Fuller and Bishop are the whirlwind of creativity behind Sebastopol's Independent Eye theater company. Over the last several months, while dropping tantalizing hints about this project, they have been writing and directing original plays in collaboration with other companies (Drake's Drum with the Sonoma County Rep; Ragnarok with Berkeley's Shotgun Players; Long Shadow with Nevada City's Foothill Theatre). The two have been at work on Dream House, a highly experimental performance piece in which Fuller builds a stylized house onstage as she portrays various aspects of her own personality and marshals her inner forces to create a new heart, mind and soul in which to live.

After a three-week run in San Francisco that ended at Thanksgiving, Fuller and Bishop's specific brand of poetic, free-associative dream theater has come to the North Bay; it just began a three-week run in the Condiotti Experimental Theater at Spreckels Center for the Performing Arts.

While Dream House will definitely not be everyone's cup of Red Rose, the decidedly nonmainstream show is bursting with more ideas, revelations and philosophical introspection than are usually found in 10 shows. Easily the most personal show the Independent Eye has produced in years, Dream House is also a first-rate showcase for Fuller, who plays all of her "sisters" with breathtaking physicality and grace. It is too easy to call performances like Fuller's "daring," a word that is doled out to nearly every actor or actress who gets naked onstage, something Fuller does as Lizzie the slut near the end of the show.

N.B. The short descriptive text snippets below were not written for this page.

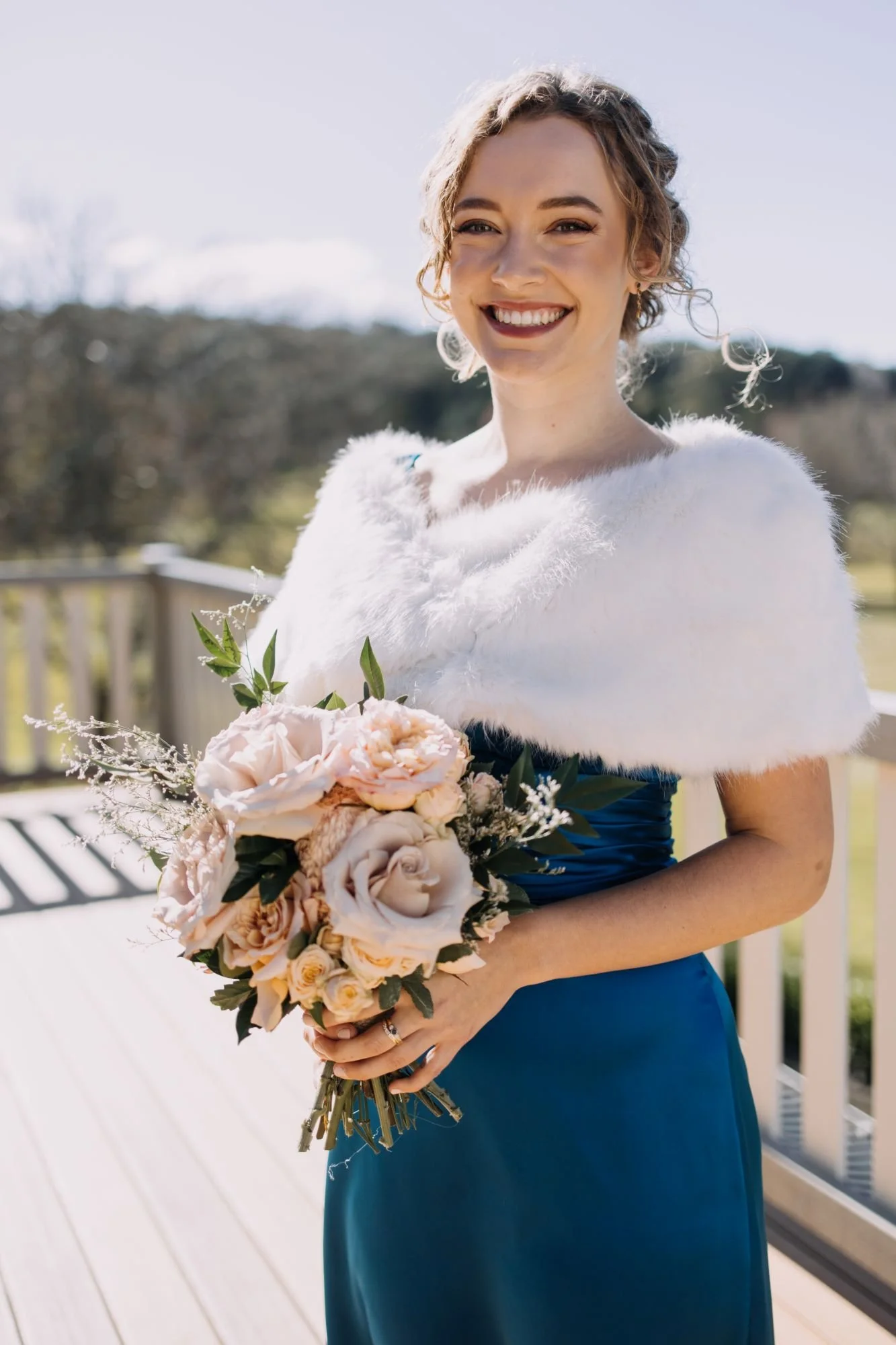Custom couture bridesmaids dress, made to measure in teal soft silk and paired with our faux fur wrap. Image Zee and C Studio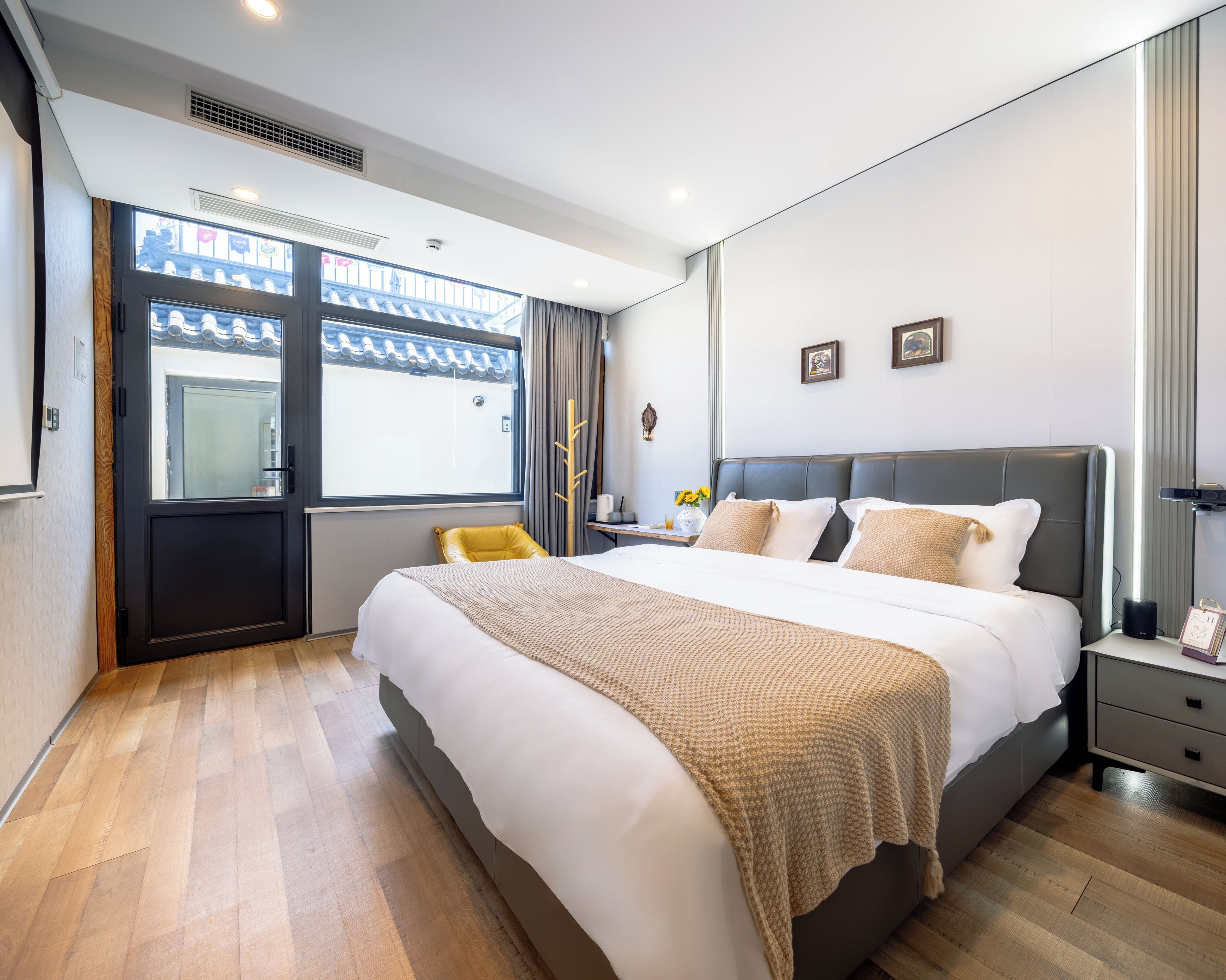 Una habitación de hotel moderna con una cama grande, una mesita de noche y cortinas que dan a vistas exteriores.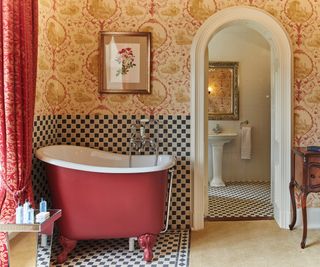 red small tub freestanding bath in period property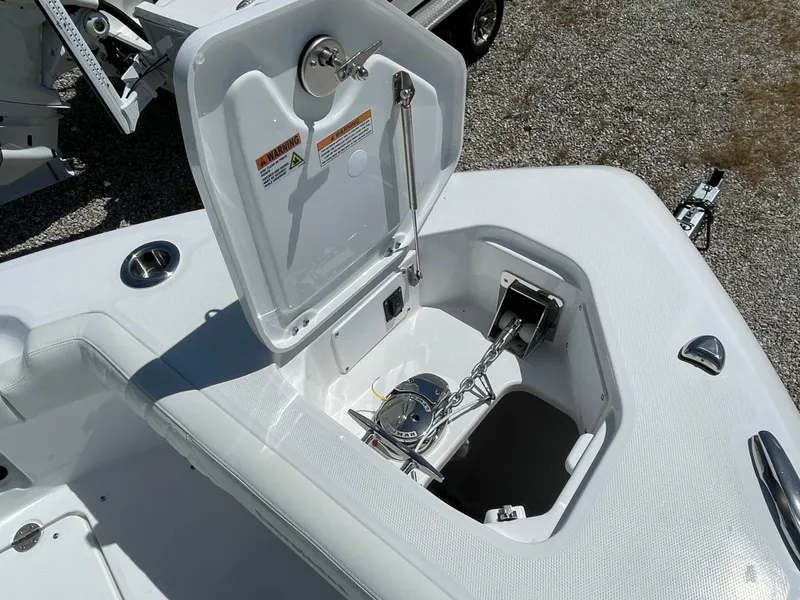 Slide: The Image of 2024 Everglades 285CC boat anchor compartment with open hatch, showcasing storage and mechanism. - 24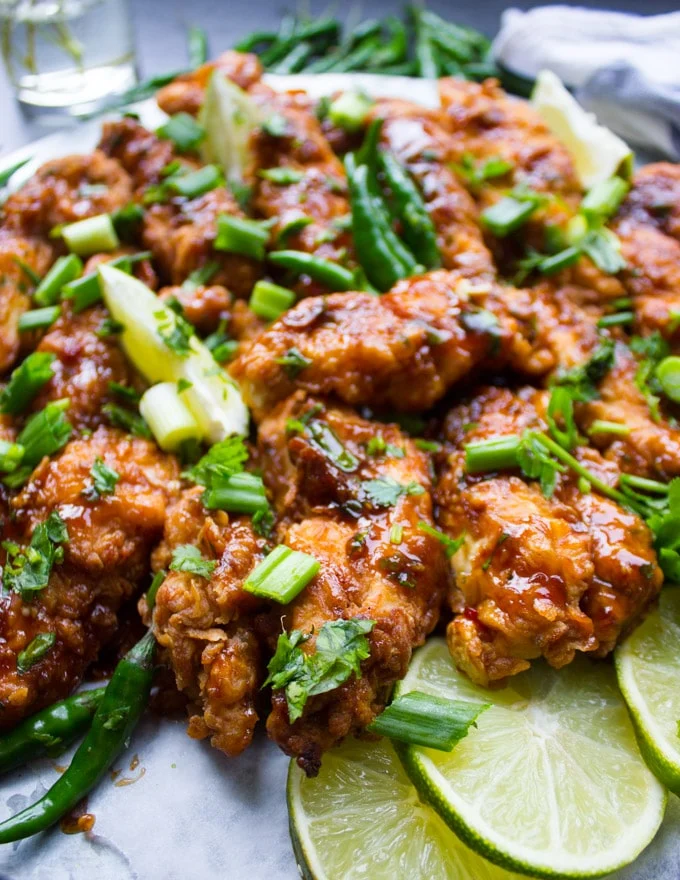 Korean Fried Chicken Strips with lime slices and cilnatro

What is truly daring about this performance is not the nudity, but what Fuller does with it, using the moment to reveal the depths of insecurity and self-judgment that cripple so many women and men, acting out in heartbreaking vividness what must actually be going on in her head at that spectacularly vulnerable moment. I will not spoil the scene further by revealing too much (that's Fuller's job), but perhaps it is enough to say that Fuller's performance is both defiant and emotionally raw.

The densely packed text is at times playful and silly ("A ladder! I could get high!"), coarse ("You can't press the shit-clogs outta your pipes!"), cryptic ("I'd better figure this out before it figures me out!"), lyrical ("It's not ready yet, it's a dream--dreams leak!") or psychologically spot-on ("I do have great empathy with people who feel they're inferior, because they probably are").

For all the show's clever stage craft and affective lighting design, and despite Fuller's practiced ease as the primary focus of the spotlight's attention, Dream House is primarily a poem. It's what Allen Ginsberg might have written had he been a woman. In Dream House, Fuller finds her own mesmerizing way to howl, and builds a remarkable--and remarkably weird--world around it.